### Records shown
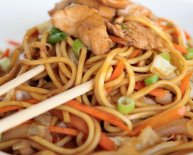 Chinese noodles images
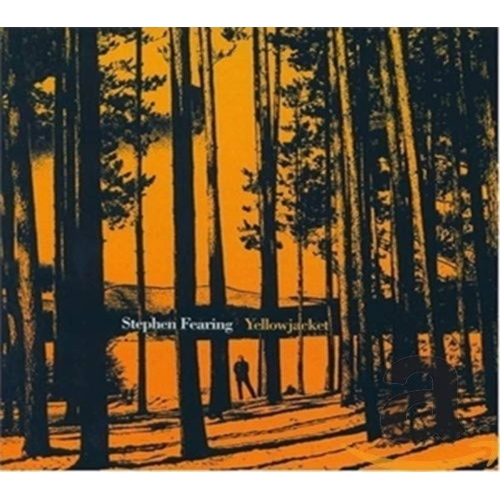 Stephen Fearing - Yellow Jacket - [CD]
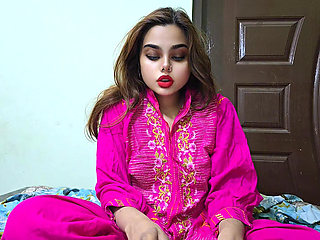 (Indian) Beautiful Stepsister surprised me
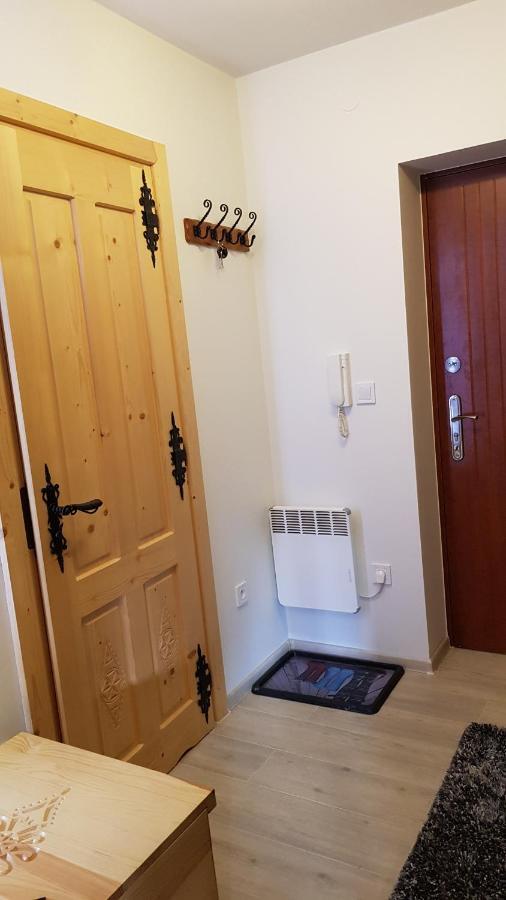 Apartament Sobiczkowa Zakopane กอสเชียลิสกอ ภายนอก รูปภาพ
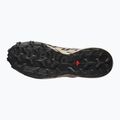 Scarpe da corsa da uomo Salomon Speedcross 6 GTX gull/white pepper/black 5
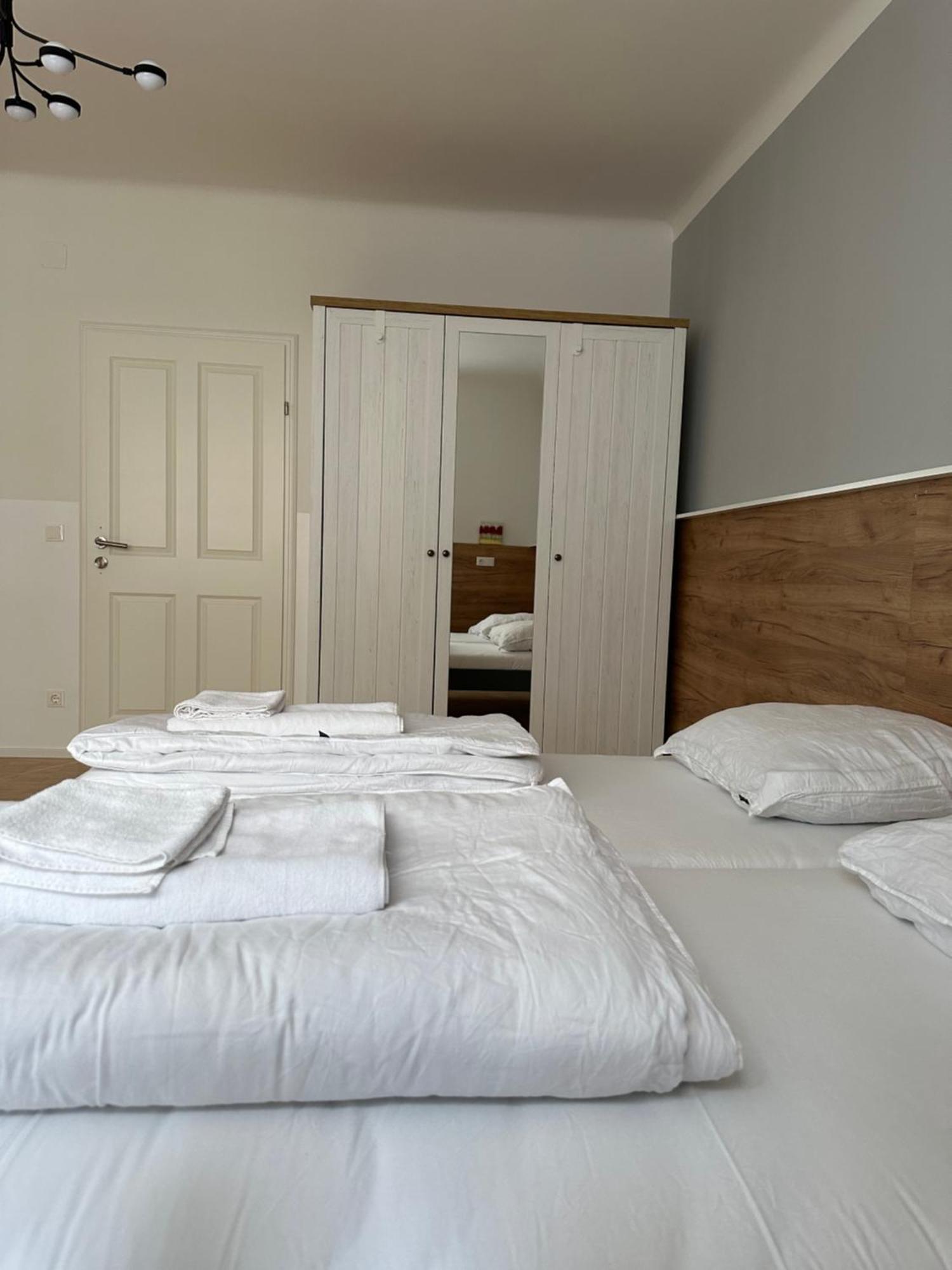 Lion'S Rooms N Apartments Vienne Extérieur photo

### Exercise description
Only the lines from the one that contains "(Indian) Beautiful Stepsister surprised me" to the end of the records, inclusive, are to be quoted exactly, with pictures excluded.

### Problem solution
 (Indian) Beautiful Stepsister surprised me
 Apartament Sobiczkowa Zakopane กอสเชียลิสกอ ภายนอก รูปภาพ
 Scarpe da corsa da uomo Salomon Speedcross 6 GTX gull/white pepper/black 5
 Lion'S Rooms N Apartments Vienne Extérieur photo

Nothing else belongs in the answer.